Oscilloscope output in full power mode

If the simplefoc controller is run in full power( i.e. no pulse width modulation) mode, is the output a three phase sine wave and can the frequency be modulated?

In other words, can it function like a variable frequency drive controller?

Thanks for any guidance.

Hi @Jim_Moses,

From my point of view, SimpleFOC is a library which can be used to produce a “variable frequency drive” for BLDC motors.
VFD is usually associated with AC motors, the larger things you find in factories, large tools, construction equipment, etc… but at its core it simply means a motor controller that operates the motor by varying the frequency of the signals to its windings.

Like AC induction motors, BLDC motors can be moved by providing a sinusoidal commutation pattern to the motor windings.
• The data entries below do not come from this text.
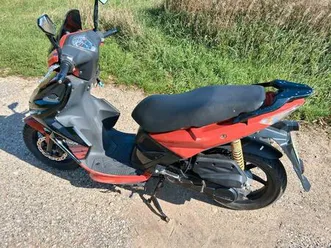 kymco super 8 ,4 takter roller mit 25/50 papiere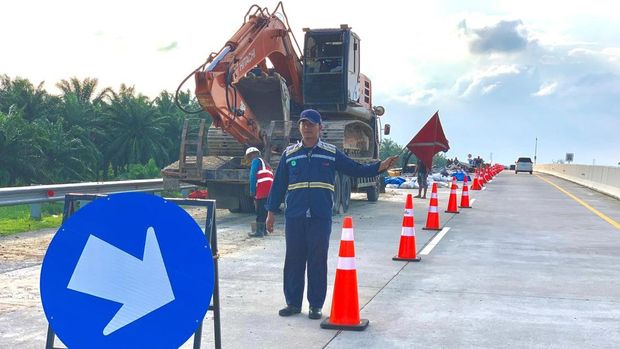 Perbaikan ruas Tol Tol Binjai-Langsa usai bencana banjir dan longsor di Sumatra Utara. (Dok. Hutama Karya)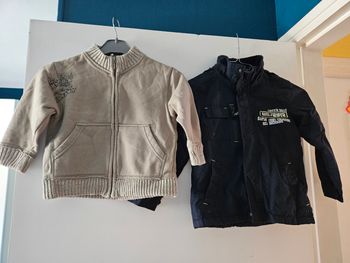Lot sweat zippé et blouson 
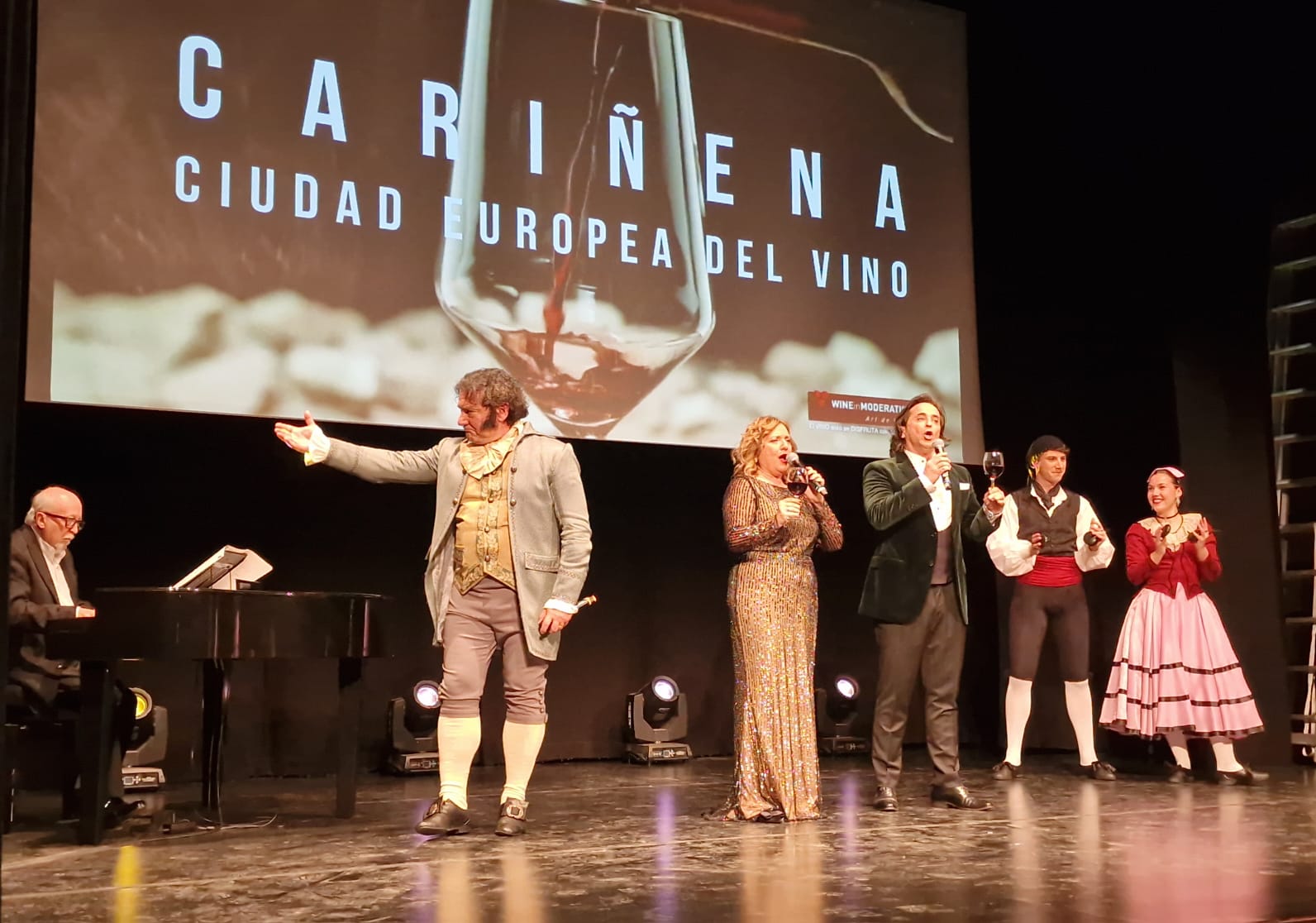 Brindis final de la gala 2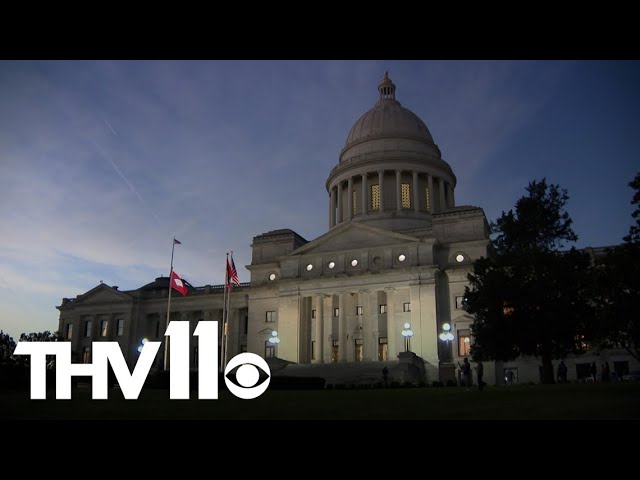 Timelapse of Arkansas State Capitol during total solar eclipse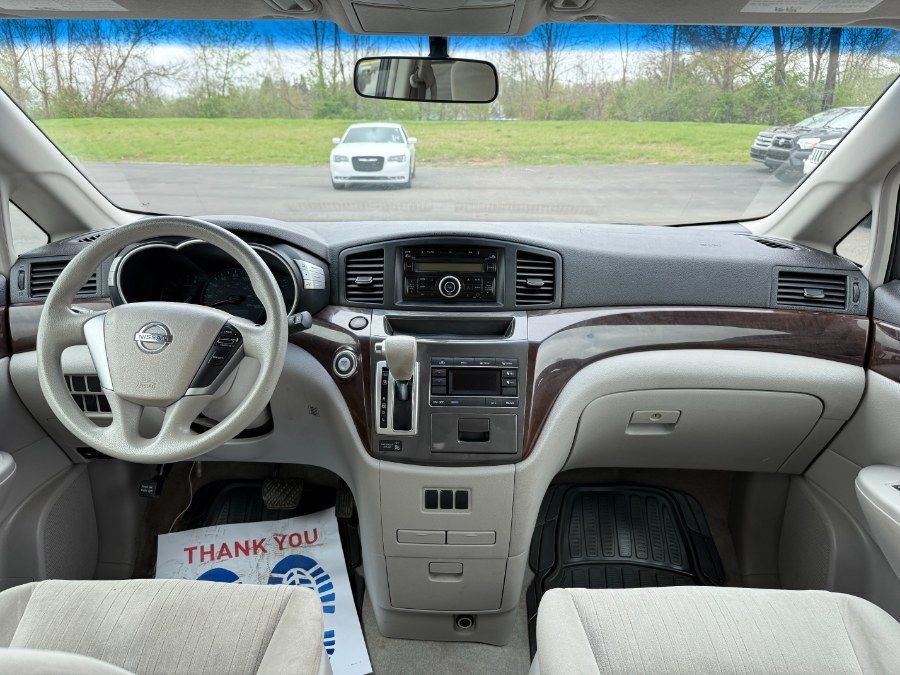 2011 Nissan Quest 3.5 S photo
In terms of how this is exactly done, there are differences, which I can’t really get into as I’m not really an expert for either type of motor, but especially I don’t know much about AC motors.
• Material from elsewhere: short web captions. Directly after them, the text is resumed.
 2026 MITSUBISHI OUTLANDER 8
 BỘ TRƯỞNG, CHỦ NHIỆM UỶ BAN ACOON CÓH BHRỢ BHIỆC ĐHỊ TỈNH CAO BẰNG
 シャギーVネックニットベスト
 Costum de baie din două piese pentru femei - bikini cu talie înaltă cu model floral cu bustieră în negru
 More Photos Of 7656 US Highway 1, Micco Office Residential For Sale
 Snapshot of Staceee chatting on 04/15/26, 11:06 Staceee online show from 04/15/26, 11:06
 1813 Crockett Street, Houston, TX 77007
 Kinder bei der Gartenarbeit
For BLDC motors, they can also be moved with “block commutation” - which is no longer a sinusoidal pattern but a trapezoidal one. Which type is better depends a bit on the type of the motor and the application, but in general terms a BLDC motor can be moved with either type of commutation.

The PWM has little to do with all this - the PWM is used to set a voltage to the motor’s phases - because the motor is an inductive, “slow changing” load it will “smooth” the PWM signal, and instead it will “see” an analog voltage proportional to the PWM duty cycle.
The PWM frequency will normally be several times higher than the commutation frequency.

In block commutation you could use PWM, or you could work without PWM (depending also on your hardware), but to do the sine commutation PWM is a must.

While I’ve not looked inside one, I assume very much a commercial VFD drive also uses PWM in some way to convert its digital controller’s output into the variable frequency phase outputs.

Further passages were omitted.